Seminars and Workshops:
Two workshops were held during the year. The first, in Hiroshima on March 1-2, 1984, concerned Statistical Methods in Cancer Epidemiology. The Radiation Effects Research Foundation (RERF) served as the host and a substantial number of its staff participated. In addition, four participants came from the United States and eight from elsewhere in Japan. The co-organizers were Takeshi Hirayama, M. D., from the National Cancer Hospital Research Institute in Tokyo, and William J. Blot, Ph. D., from the National Cancer Institute in Bethesda. As shown in the summary of the meeting by Dr. Hirayama, the subjects covered were cluster analysis, descriptive studies, and cohort and case-control studies. The meeting concluded with a powerful statement by Dr. I. Shigematsu, Director of RERF, on the need for enhanced biostatistical interest and capability in Japan for cancer research.
Dr. Breslow stated that the methods of RERF in its cohort analyses were up-to-date. Apart from the meeting we learned that a great stimulus to biostatistics in Japan may come from computer centers at leading medical institutions. The first, to be at Tokyo University, will be directed by Dr. Furukawa, an internist skilled in computer technology. The example he sets is likely to spread elsewhere in Japan. The proceedings of the meeting will be published as a monograph by RERF.
The workshop on the Role of Pathologists in Cancer Epidemiology was held in San Francisco on March 10-11, 1984, just before the annual meeting of academic pathologists (International Academy of Pathology, U.S. and Canadian Division).
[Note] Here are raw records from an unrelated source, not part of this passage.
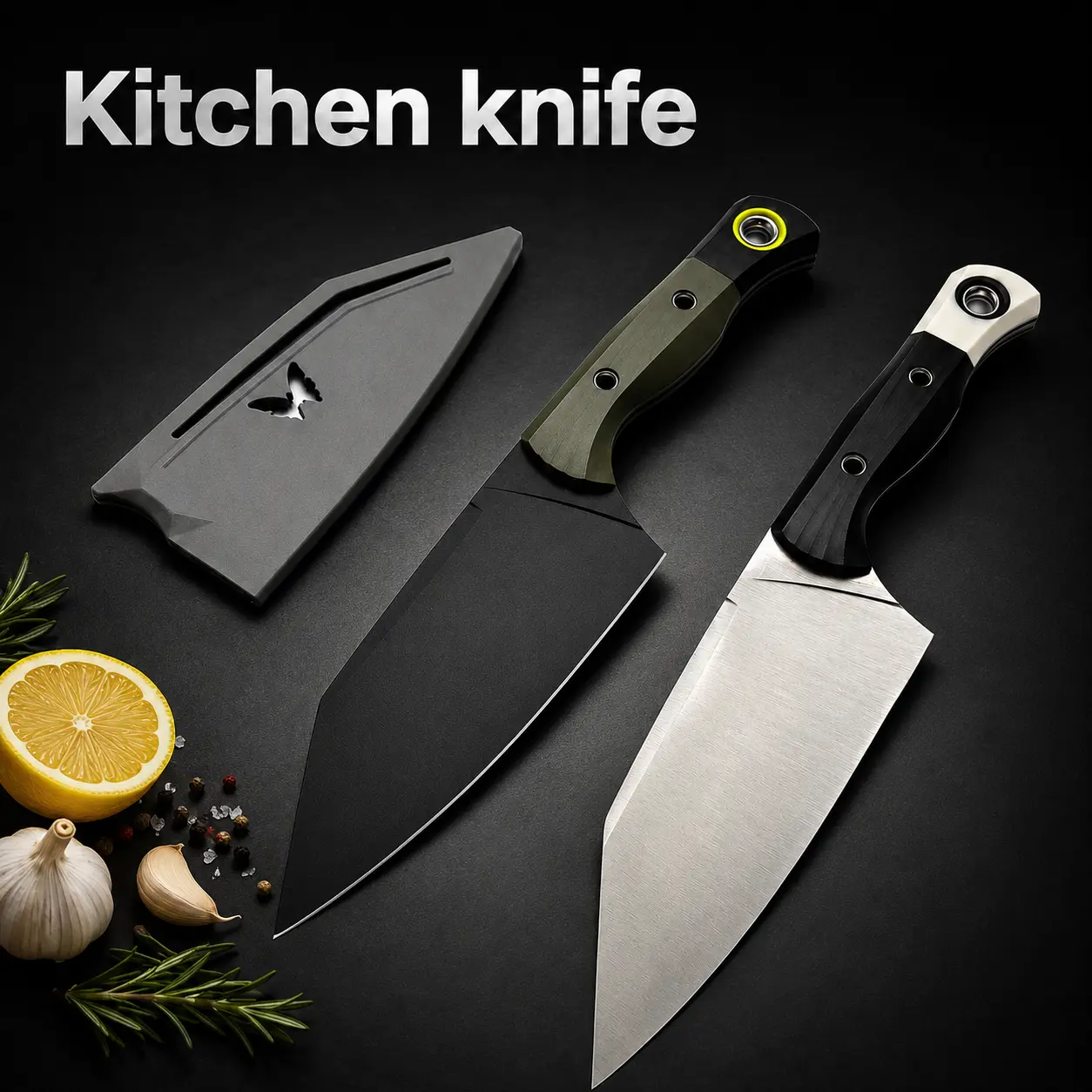 Kitchen Knives 2-Piece Set - 5Cr13 Steel Blades with Polished Finish, Anti-Slip Ergonomic Handles, Custom-Fit Sheaths for Food Preparation, Two Piece Set, Anti-Slip Handles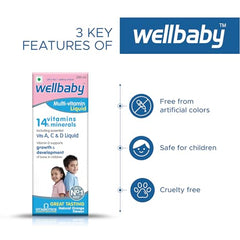 Wellbaby Multivitamin Liquid for Baby (Pack of 3)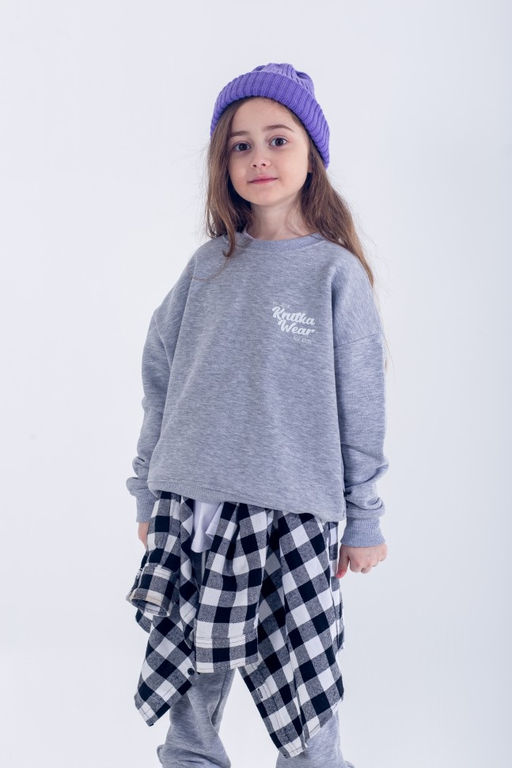072 Детский костюм, серый меланж 3хнитка петля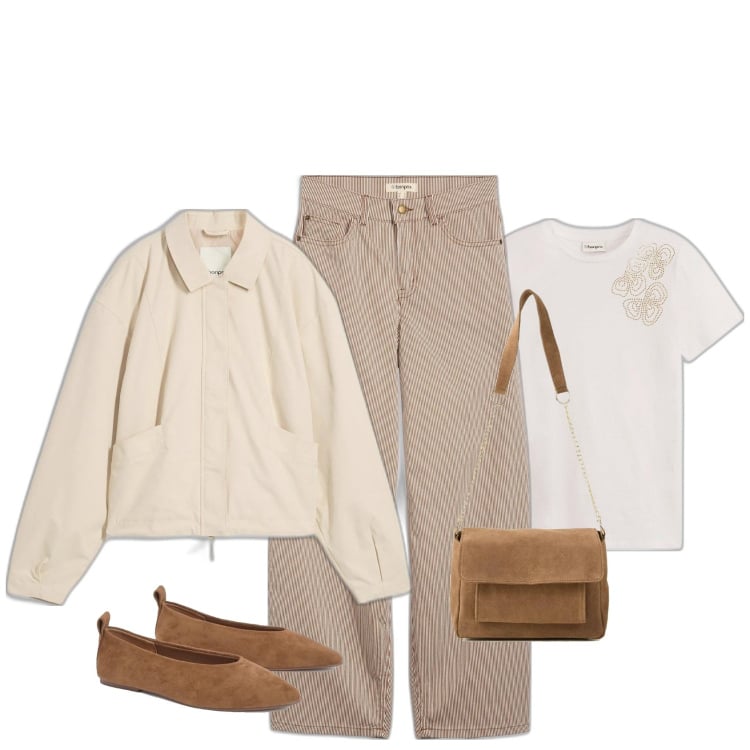 Outfit femme - Tons nude. Style Basique pour Tous les jours. Assortir avec pantalon , blazers, sacs en bandoulière, t-shirts, ballerines.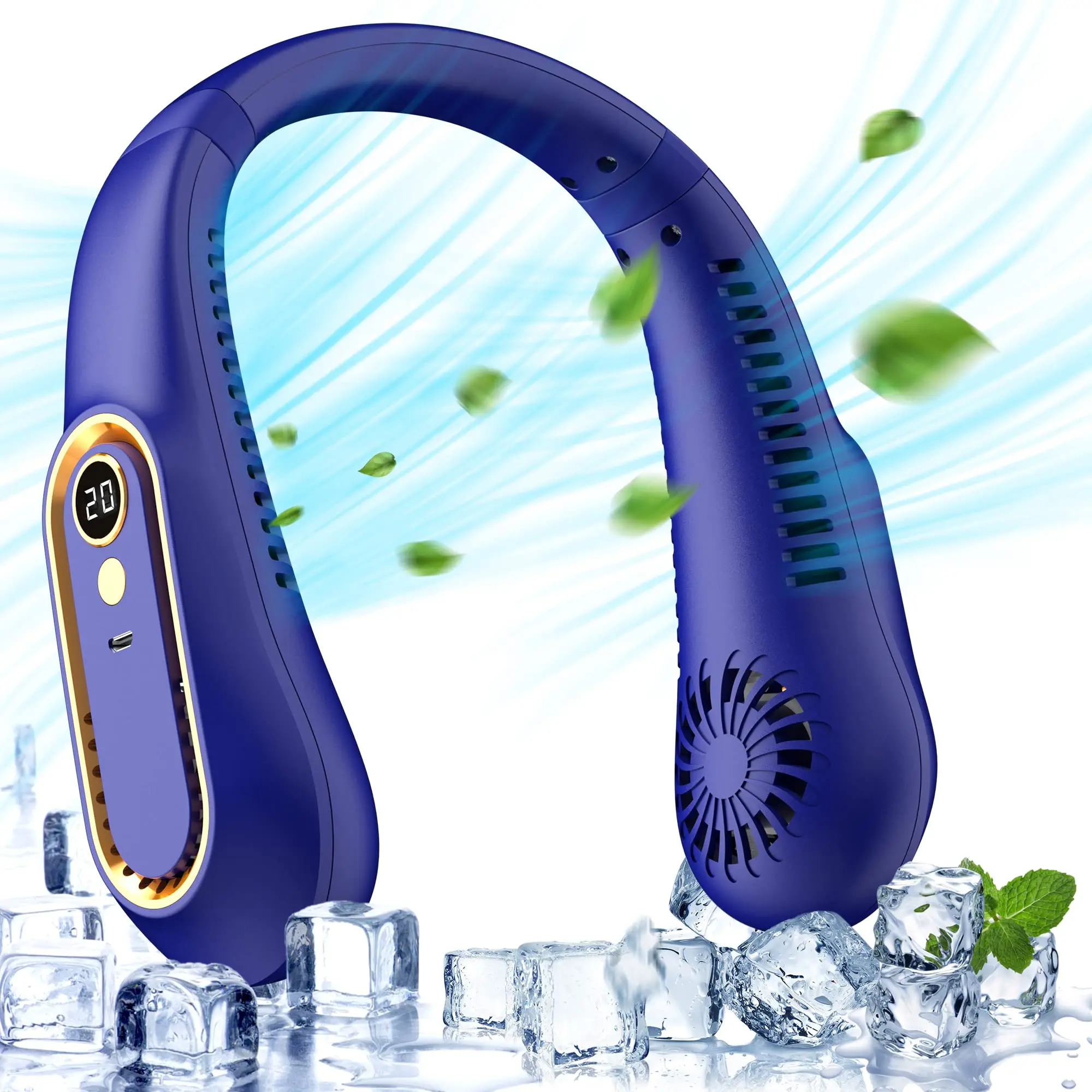 Custom Without Vane Wearable Personal Hands Free Bladeless Fan Portable Neck Fan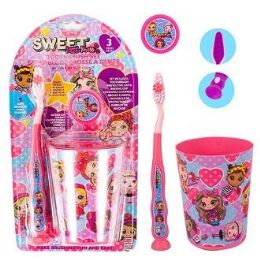 24 Bulk 3pk Child's Toothbrush & Cover Set With Cup [sweet Missy]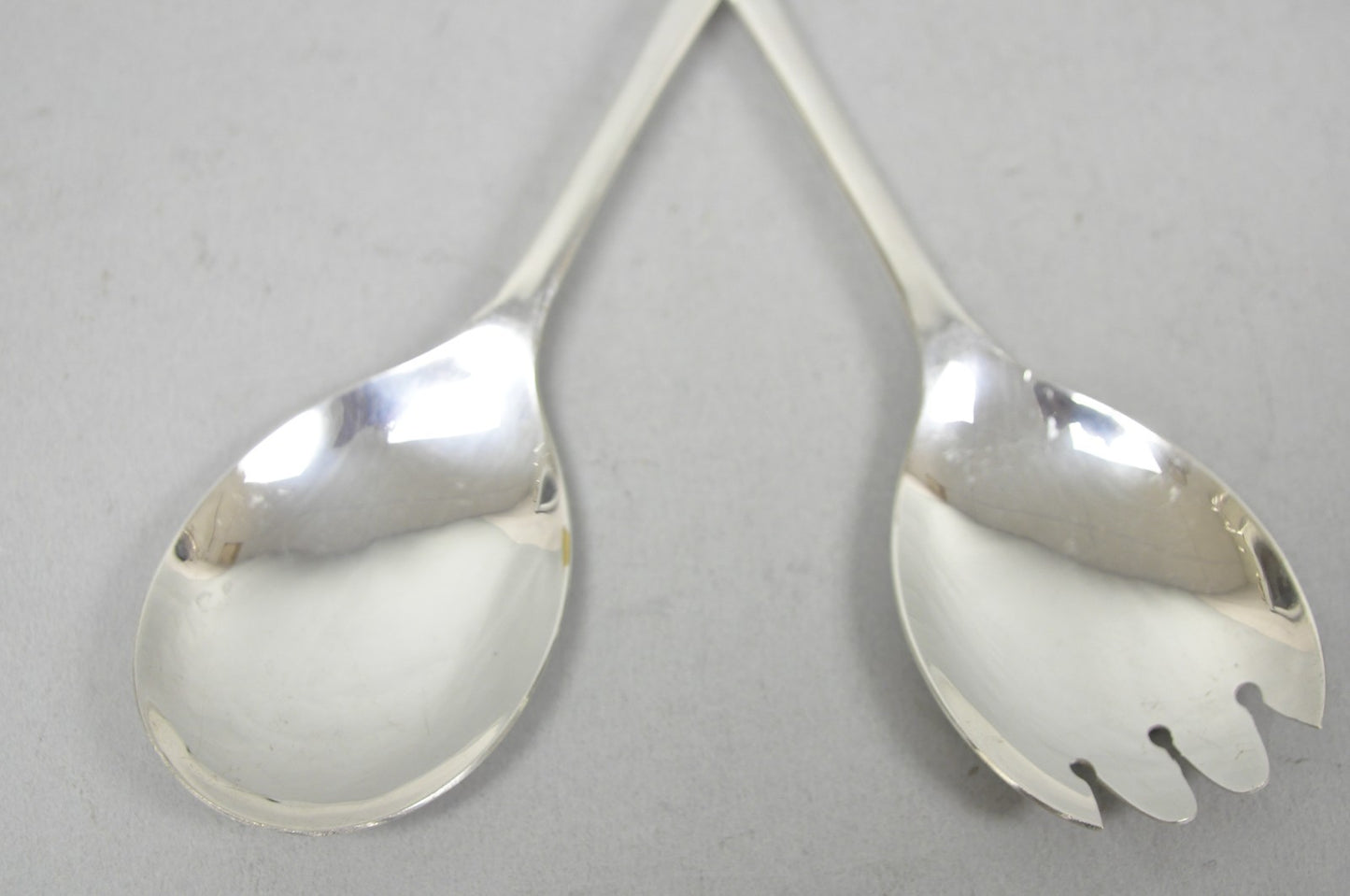 Vintage Sheffield England Modern Silver Plated Salad Serving Set Fork & Spoon
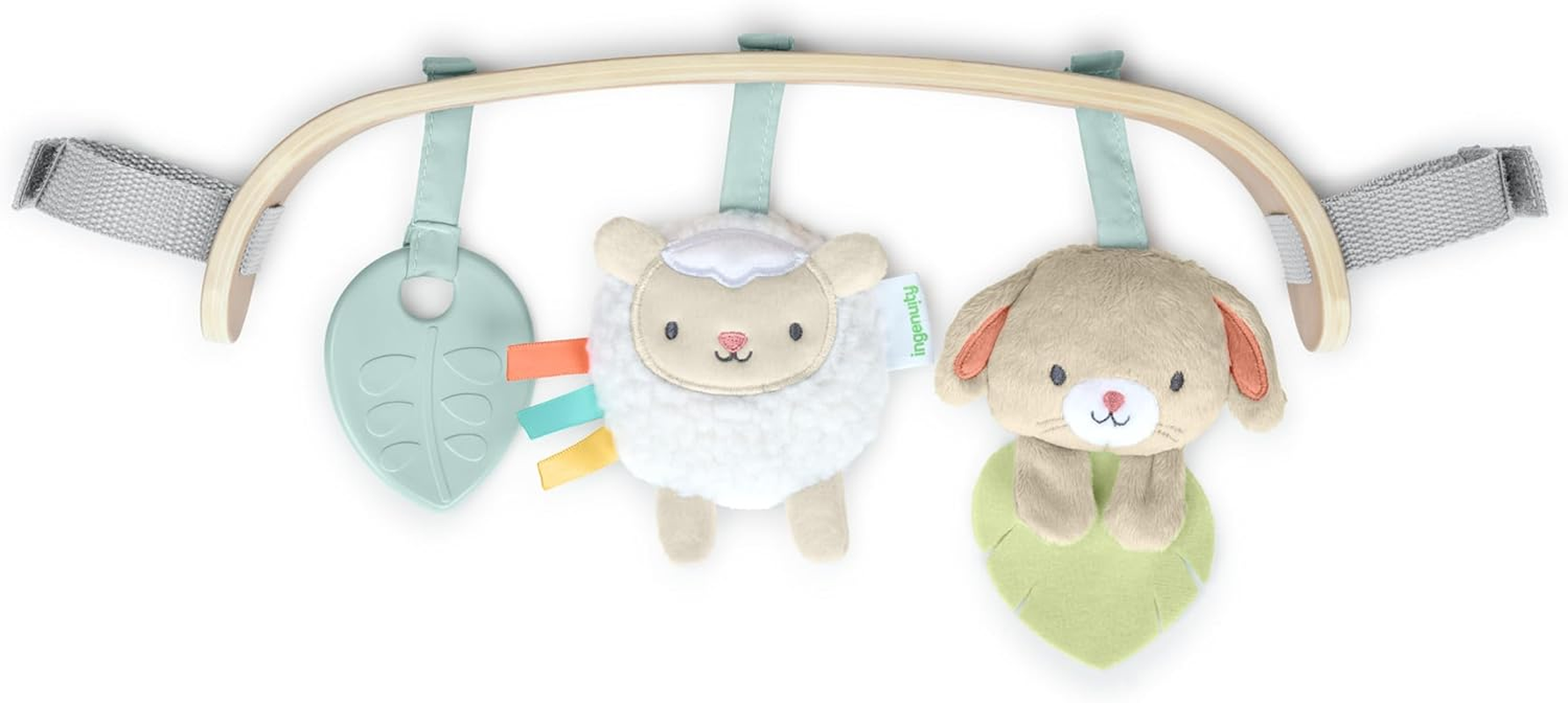 Ingenuity Soothing Essentials Wood Carrier Toy Bar, Montesorri-Inspired, 3 Removable Toys, for Ages 0-12 Months image number 1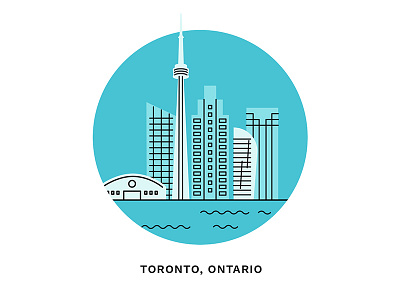 PadPiper Cities: Toronto blue canada city cn tower illustration line art monochrome ontario toronto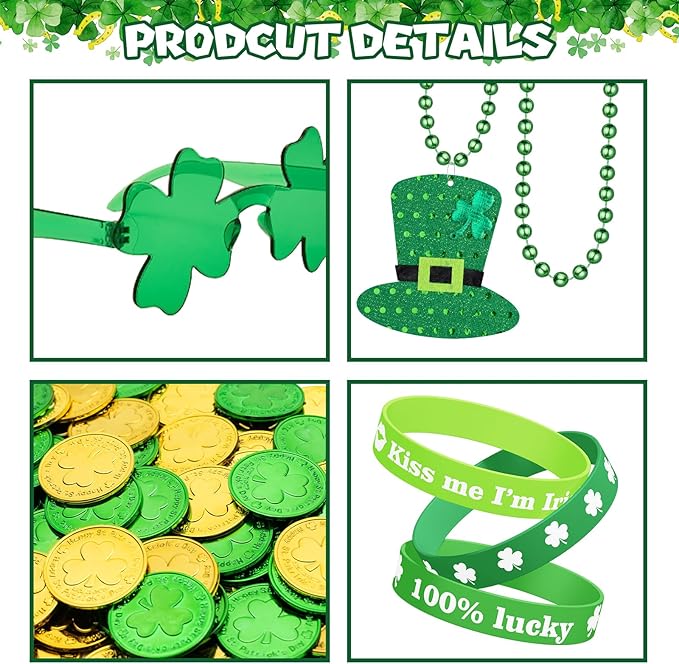 163Pcs St. Patrick's Day Accessories Party Favor Set, Tattoo Stickers, Necklaces, Bracelets, Shamrock Glasses, lucky Coins for Irish Party Supplies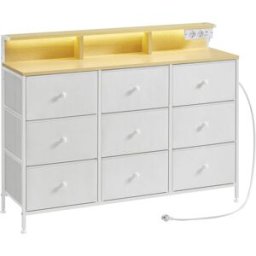 SONGMICS Cómoda de 33,5 x 114 x 84 cm de color blanco nube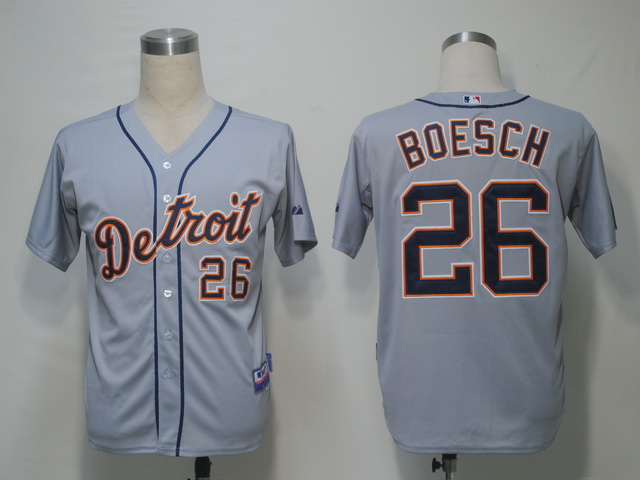 Tigers #26 Brennan Boesch Grey Cool Base Stitched MLB Jersey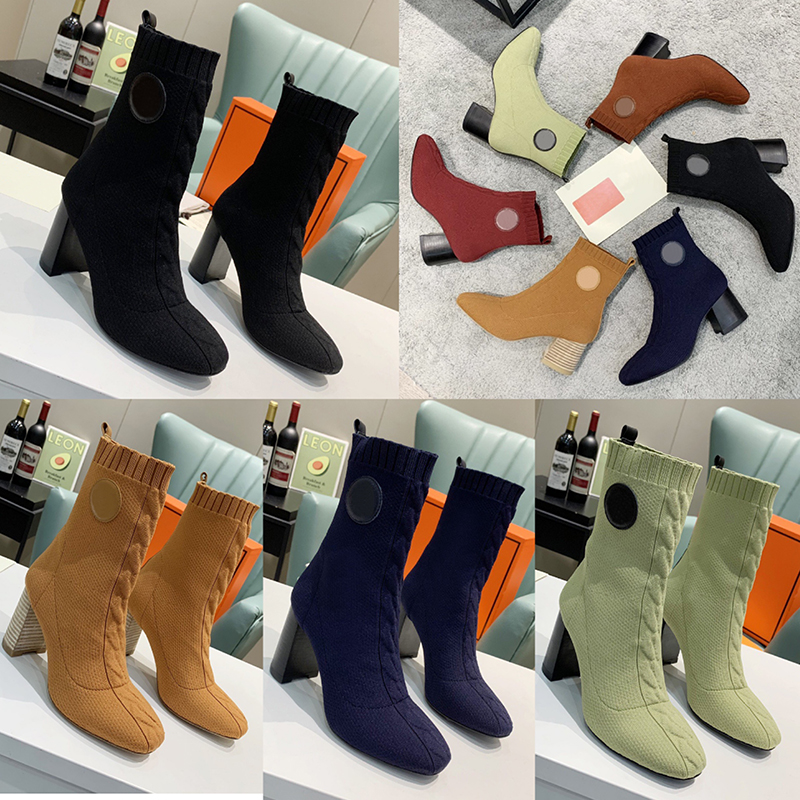 

Hot Sale-Australia Womens Winter Knitted Ankle Boots With Stirrup-Shaped Heel Beatshoes Cowboy Motocycle Martin Booties Slip-On High Bottes, Box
Four of the seven Japanese participants stayed on for that meeting.
The U.S.-Japan workshop was organized by Drs. Haruo Sugano and Robert W. Miller, the coordinators for the Interdisciplinary Program. Each side compiled a volume of abstracts and relevant reprints from its participants. This simple device provided information useful for future reference and to clarify (and shorten) the formal presentations.
Among the items of special interest:

  1. Dr. Urano’s report concerning the annual volume on national autopsy registration (a summary of the findings of each autopsy) led Dr. Stemmerman of Honolulu to offer similar data from autopsies of Japanese-Americans at Kuakini Hospital.
  2. Several speakers, Dr. John Berg in particular, emphasized and illustrated the importance of subtypes in epidemiology.
  3. The concept of “demographic distances” between clusters of subtypes was introduced. The clusters are defined by numerical taxonomy.
  4. The concept of basic (inherent) vs. variable (environmental) components in organ-specific carcinogenesis.
  5. Dr. Purtilo described the analagous reciprocal relationship between certain lymphoproliferative and autoimmune diseases in males vs. females and in the U.S. whites vs. Japanese. It seemed that the best opportunity for extending these observations is in Hawaii, where medical care and diagnostic facilities are similar for the various ethnic groups living there.
  6. Subtypes of kidney tumors defined by Dr. J. Bruce Beckwith of the University of Washington led to two newly identified renal tumors that respond poorly to treatment for Wilms’ tumor, and a difference between the histology when Wilms’ tumor is bilateral (hereditary type) or occurs with aniridia as contrasted with Wilms’ tumor that is unilateral (non-hereditary type) or is associated with congenital hemihypertrophy. In the latter, renal dysplasia, when found, is perilobular, whereas in the hereditary group it is intralobular as well as perilobular. These observations indicate that review of the histology in treatment failures may reveal previously unrecognized entities which can be effectively treated by other means.